The Tyrnauer Defendants also argue that the plaintiff's failure to fund a September 2009 requisition by Green was a breach of contract that lead to the stalling of the Project and a number of mechanic's liens being placed on the Property. Green submitted a payment requisition application for $253,719.40 that was dated September 24, 2009, six days before the loan became due. Plaintiff did not release these funds and the Tyrnauer Defendants argue that the refusal to release the funds was a breach of the plaintiff's contractual obligation, citing to the "disbursement schedule" included in the Building Loan Agreement for this proposition. However, the Tyrnauer Defendants have failed to identify any provision in the disbursement schedule that obligated the plaintiff to release funds within a certain period of time. As plaintiff argues, there is no such provision in the disbursement schedule. Accordingly, the Tyrnauer Defendants' ninth affirmative defense is stricken.

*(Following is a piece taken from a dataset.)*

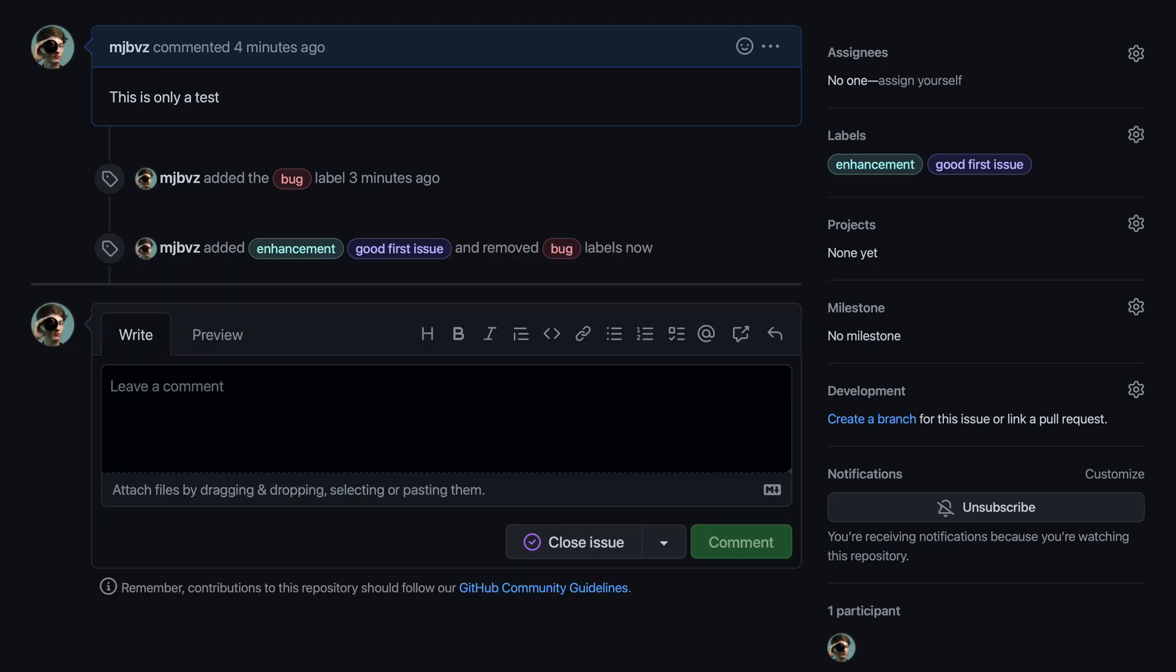In this case, we added enhancement and good first issue as labels, and removed the bug label. Again, the cool thing about this is that my hands never had to leave the keyboard. I could open up that labels widget just by pressing the L key, go and make the changes I was interested in, and then once everything looked good, press escape to commit those changes to GitHub.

The court also takes judicial notice that section D of the disbursement schedule specifically permits the plaintiff to withhold disbursements due to, among other reasons, "a reasonable doubt that the construction can be completed with the balance of Loan proceeds then undisbursed." As the myriad of issues relating to the completion of the Project have resulted in a copious amount of litigation before this court, there are no issues of fact as to whether the plaintiff had reasonable doubt that the construction could have been completed with the undisbursed balance of the loan. Therefore, there was a clear basis to withhold the loan proceeds pursuant to the Agreements even if Green had not defaulted on the loans six days later.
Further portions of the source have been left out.